Fly Fishing Versus Spin Fishing
When a lot of people think of fly fishing, they think of collared shirts and fancy vests, fancy rubber nets and fancy waders, fancy casting and catch-and-release fishing with barbless hooks. That’s how we used to think of it, anyway, until we learned that fly fishing is just a much more effective way to fish in some situations. And you don’t need anything fancy, just flies and a fly pole and a simple floating line setup.
If you learn to look at fly fishing this way, you’ll become a better angler overall. There is no doubt about it. There are times to use a fly rod and there are definitely times not use a fly rod – a lot of times we like to bring both.
When we first moved to Idaho we hadn’t done much fly fishing, but we had caught trout using spinners, spoons, bait, and even with flies with bobbers and weights.

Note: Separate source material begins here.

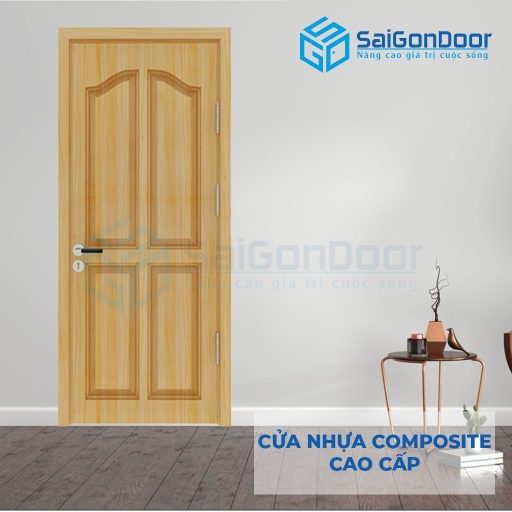 Cửa nhựa Composite 4A-ash-1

In Idaho, we really started fishing high alpine lakes religiously, and that’s where we first learned about the benefits and drawbacks of fly fishing.
Let’s start with some drawbacks. At high mountain lakes, fly fishing can be really difficult. Sometimes you hike for miles into your chosen lake to find that there isn’t anywhere good to cast from the shore, and for a basic fly cast you need a lot of space behind you.
You can combat this disadvantage by packing waders or a small raft, and you can also learn how to do more advanced casts like a roll cast or even a bow and arrow cast. But even those methods can be difficult with thick vegetation surrounding a lake, and they may not get your fly very far from the shore.
Another disadvantage to fly fishing is that you can’t cast as far. Some people might debate this, and maybe there are a few exceptions, but there is no way the average angler can cast from shore with a fly rod as far as they can with a spinning rod and a heavy lure like a spoon. It’s not often, but we have been to several high mountain lakes where the fish were only far from shore and deep.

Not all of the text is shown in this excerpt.